Some documents cannot be published using HTML. In many cases, we shouldn’t even bother trying. In other cases, we have to radically change the appearance and structure of the document. Ideally, we’ll start using custom XML document types—which, finally and at long last, might actually work.

An example of the conundrum of transferring print documents to the web, one that has become legendary in some circles, is the film screenplay.

A lot of people want to write a screenplay. The outcomes for most of these writers are the same: Nobody films and releases their movie.
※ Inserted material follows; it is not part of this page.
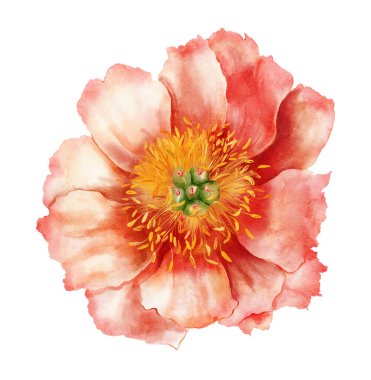 Soyut şakayık çiçeği suluboya. Beyaz arka planda izole edilmiş pembe kır çiçeğinin el boyaması elementi. Tasarım, baskı, kumaş veya arkaplan için Tatil Resimleri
And they all go through the same phase—learning the generations-old “style” of screenplay formatting.

Screenplay

Typewritten screenplay from Die Hard 2.

Originating in the typewriter age, screenplay layouts are custom-engineered so that one printed page (in what we now call U.S. letter size) equals almost exactly one minute of onscreen time. Since most commercial movies run about two hours in length, typical Hollywood movie scripts are 118 to 122 pages long.

Typography is lousy; old typewriter fonts of yesteryear were errantly mapped onto today’s spindly Courier type. But as an example of document engineering, scripts are brilliant.

And now people want to transfer the format—intact—to the web. It’s not going to work.

The quest to adapt scripts to the web recalls other “category errors,” to use Martin Amis’s phrase. Electronic commerce, we eventually figured out, does not take the form of “shopping malls” you “walk” through. “Magazines” and “catalogues” do not have discrete pages you flip (complete with sound effects) and dog-ear. “Web sites” do not look like magazine layouts, complete with multicolumn text and callouts.

Tellingly, this quest recalls early television, which, conventional wisdom holds, behaved more like filmed stageplays. Bringing scripts to the web is noticeably worse than filming a stageplay.

Now, people have tried to make web pages look exactly like typewritten screenplays. The star of this show is screenwriter and inveterate blogger John August. Scrippets, August’s plug-in for WordPress, Blogger, and other systems, does everything it can to spin straw into gold. Among other things, one of August’s use cases is perfect “screenplay” formatting when viewed in an RSS reader, and the only way to make that happen is through presentational HTML and inline styles. These are, of course, outmoded development methods.

August pitches his project thus (emphasis added): “With Scrippets, you can add boxes of nicely-formatted script to your blog.” That’s actually a restatement of the problem—failed reliance on a page metaphor, failed efforts to duplicate typewriter typography, and failed attempts to replicate one-page-per-minute layout. Script formatting is “nice” for print, but it’s wrong for the web—even for “little boxes” of script content.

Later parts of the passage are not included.